- [EXERCISE PROMPT]:
Quote exactly the lines from the one with "the digital painting" to the end of the data, both included; omit the pictures.
THE INPUT Block Start
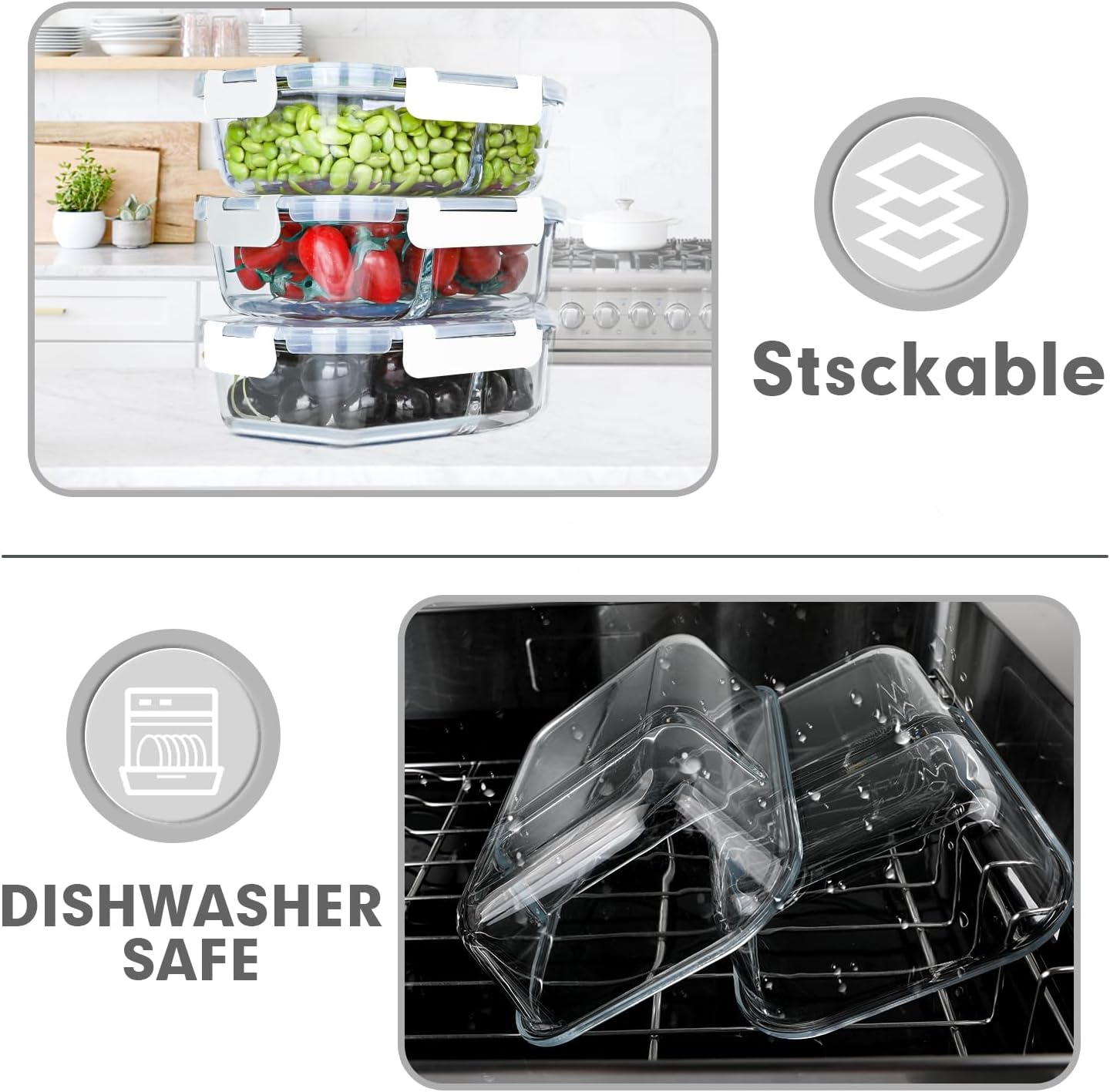 VERONES 10 Pack Glass Meal Prep Containers 2 Compartment Set, 30 OZ Airtight Glass Lunch Containers, Food Storage Containers with Lids, for Microwave, Oven, Freezer & Dishwasher Friendly，Red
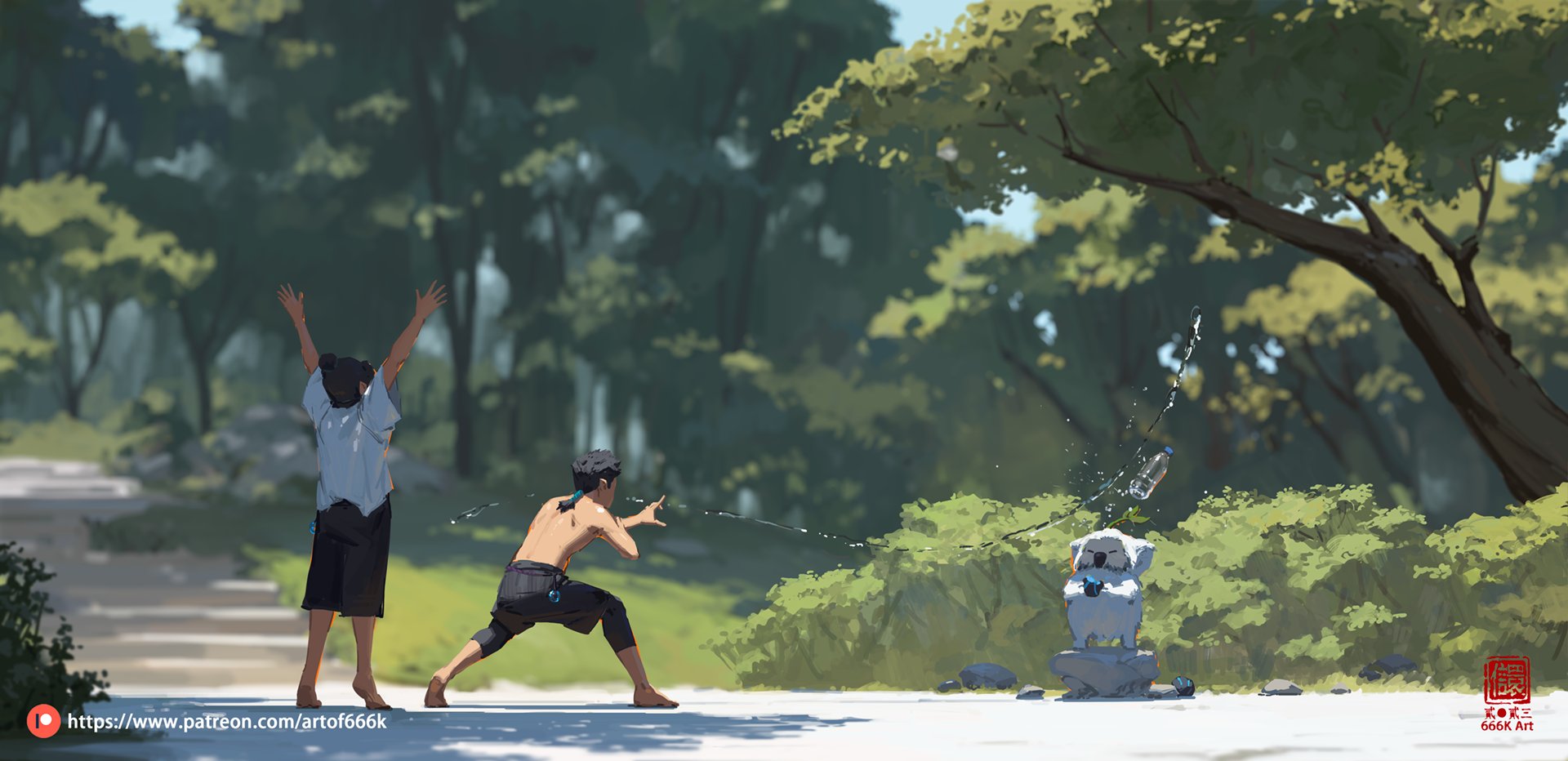 the digital painting depicts a whimsical scene of two boys playfully interacting in a sundrenched forest setting.  one boy is standing with arms raised, seemingly in joyous abandon, while the other is crouched, appearing to be aiming a water bottle or something similar which splashes water, creating a stream of droplets that extend towards the first boy. a cute, small stone statue of a dog is situated in the middle ground, seemingly unaffected by the playful splashing. the background features lush green foliage, with trees casting shadows, creating a calm and peaceful atmosphere. the style is reminiscent of anime or animation, with soft lines and vibrant yet slightly muted colors. an artist's signature and patreon watermark are visible in the bottom right and left corners, respectively.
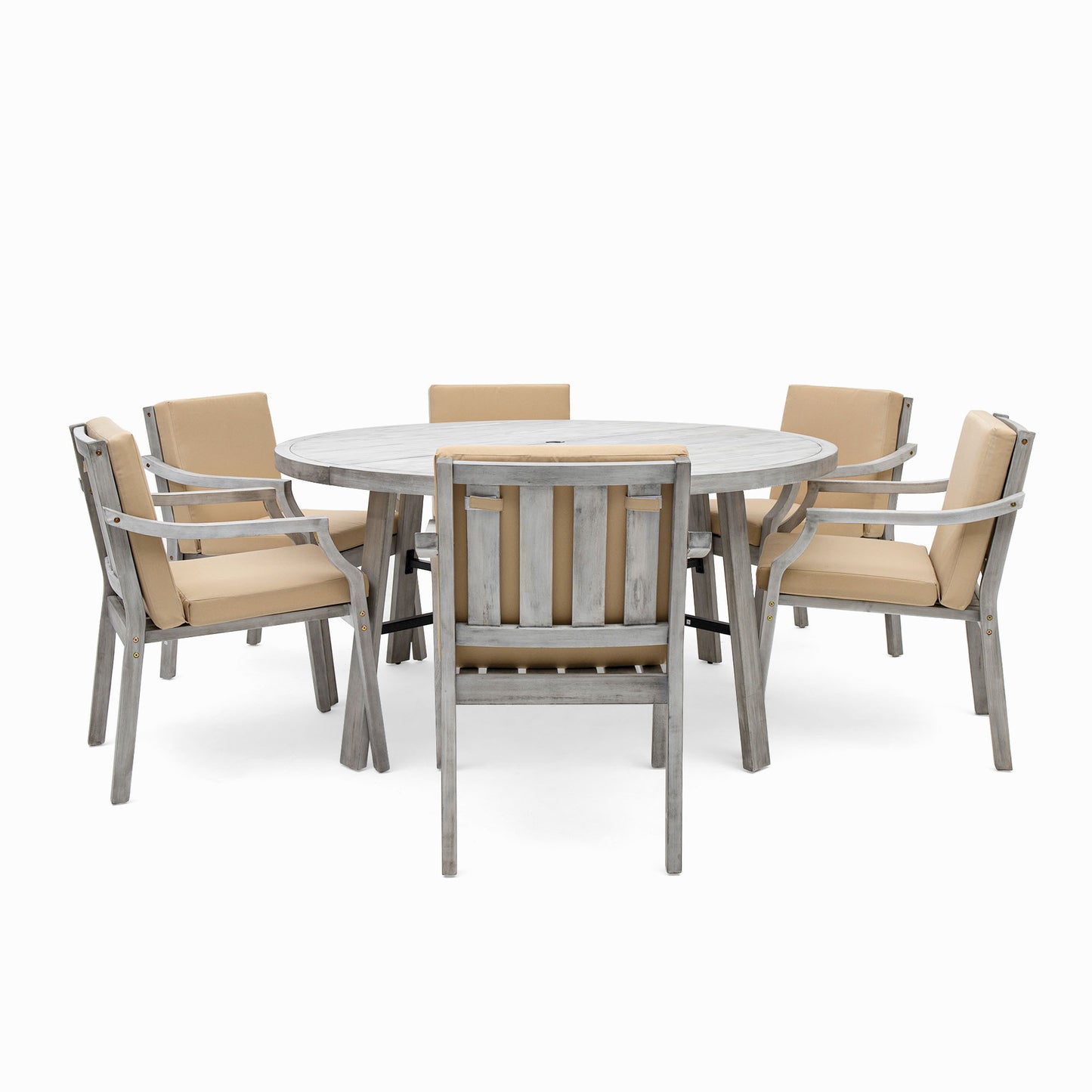 Outdoor Dinning Set 6-Person Outdoor, Umbrella Removable Cushions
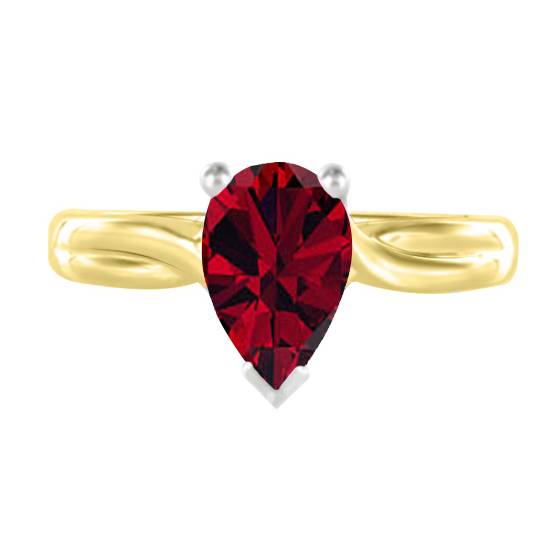 Classic Pear Ruby Solitaire Ring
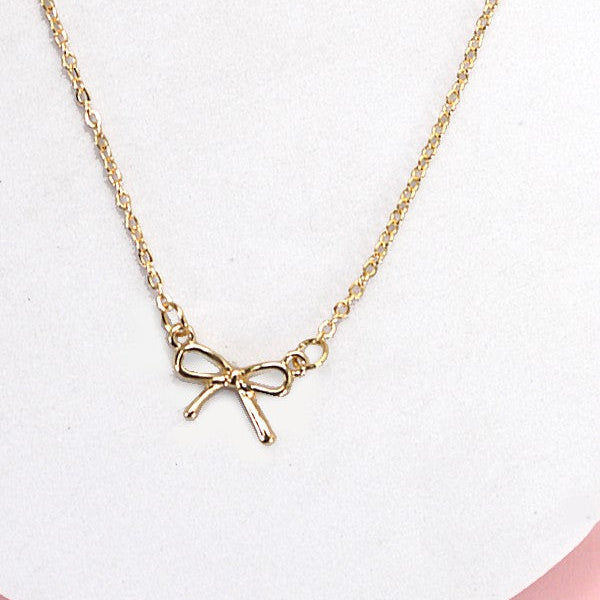 MINI GOLD BOW CHARM NECKLACE | 80N346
THE INPUT Block End
- [RESULT]:
 the digital painting depicts a whimsical scene of two boys playfully interacting in a sundrenched forest setting.  one boy is standing with arms raised, seemingly in joyous abandon, while the other is crouched, appearing to be aiming a water bottle or something similar which splashes water, creating a stream of droplets that extend towards the first boy. a cute, small stone statue of a dog is situated in the middle ground, seemingly unaffected by the playful splashing. the background features lush green foliage, with trees casting shadows, creating a calm and peaceful atmosphere. the style is reminiscent of anime or animation, with soft lines and vibrant yet slightly muted colors. an artist's signature and patreon watermark are visible in the bottom right and left corners, respectively.
 Outdoor Dinning Set 6-Person Outdoor, Umbrella Removable Cushions
 Classic Pear Ruby Solitaire Ring
 MINI GOLD BOW CHARM NECKLACE | 80N346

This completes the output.